## Dataset excerpt
= Beginning of Section =
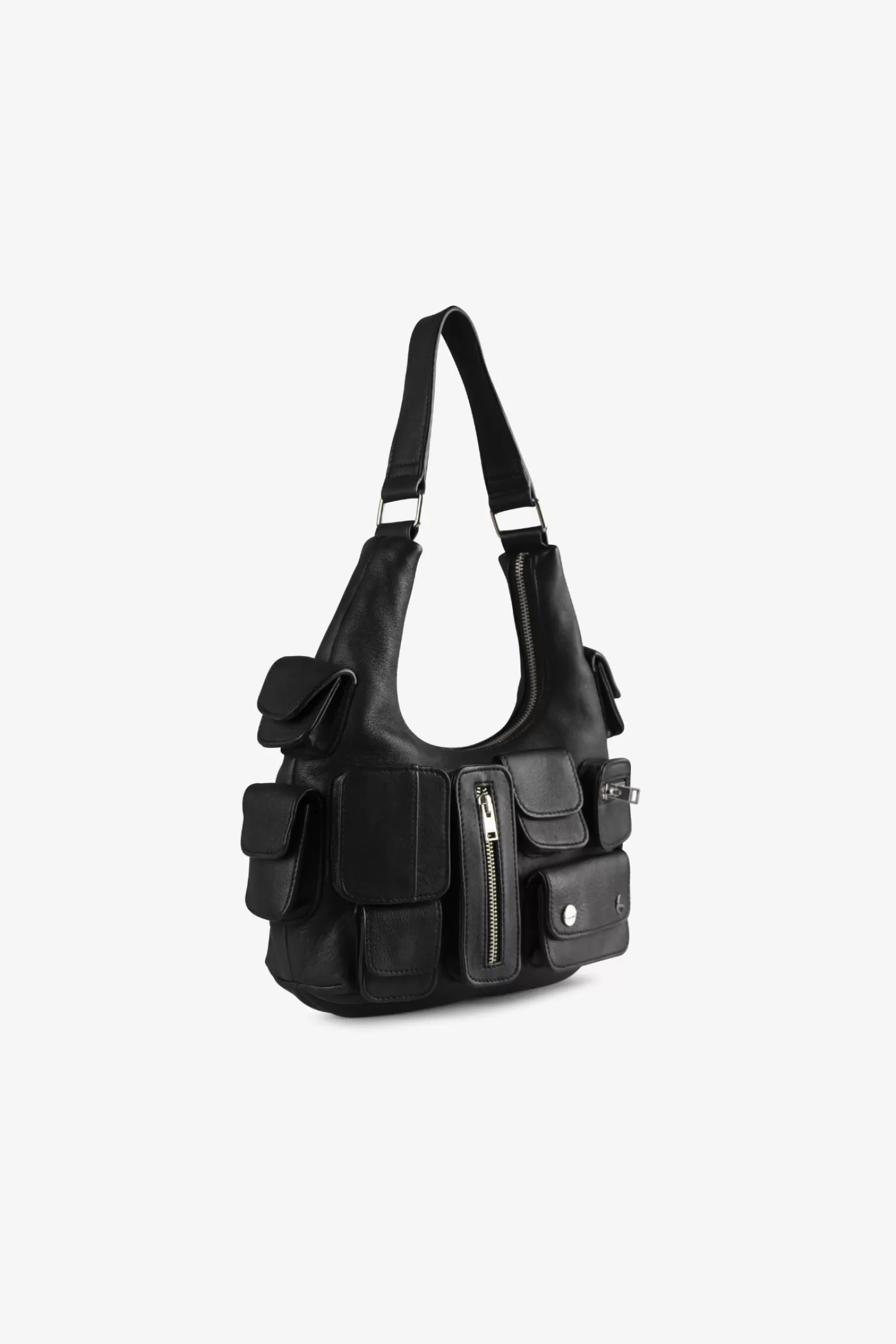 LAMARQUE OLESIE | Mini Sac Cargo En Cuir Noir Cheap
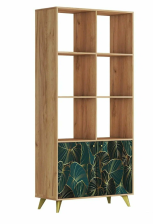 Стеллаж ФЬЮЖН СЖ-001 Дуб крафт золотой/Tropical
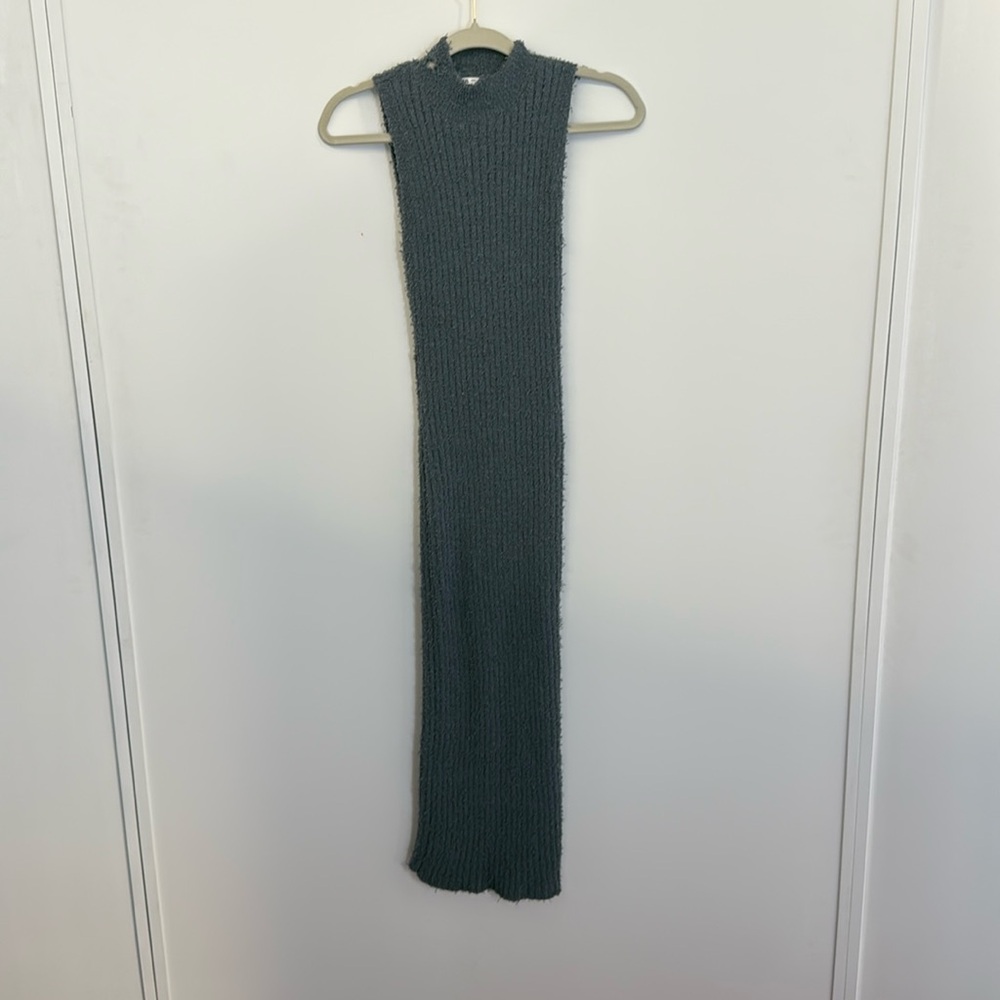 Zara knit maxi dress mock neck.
= End of Section =
## Exercise objective
The whole listing must be transcribed exactly. No pictures belong in the copy.

## Task answer
 LAMARQUE OLESIE | Mini Sac Cargo En Cuir Noir Cheap
 Стеллаж ФЬЮЖН СЖ-001 Дуб крафт золотой/Tropical
 Zara knit maxi dress mock neck.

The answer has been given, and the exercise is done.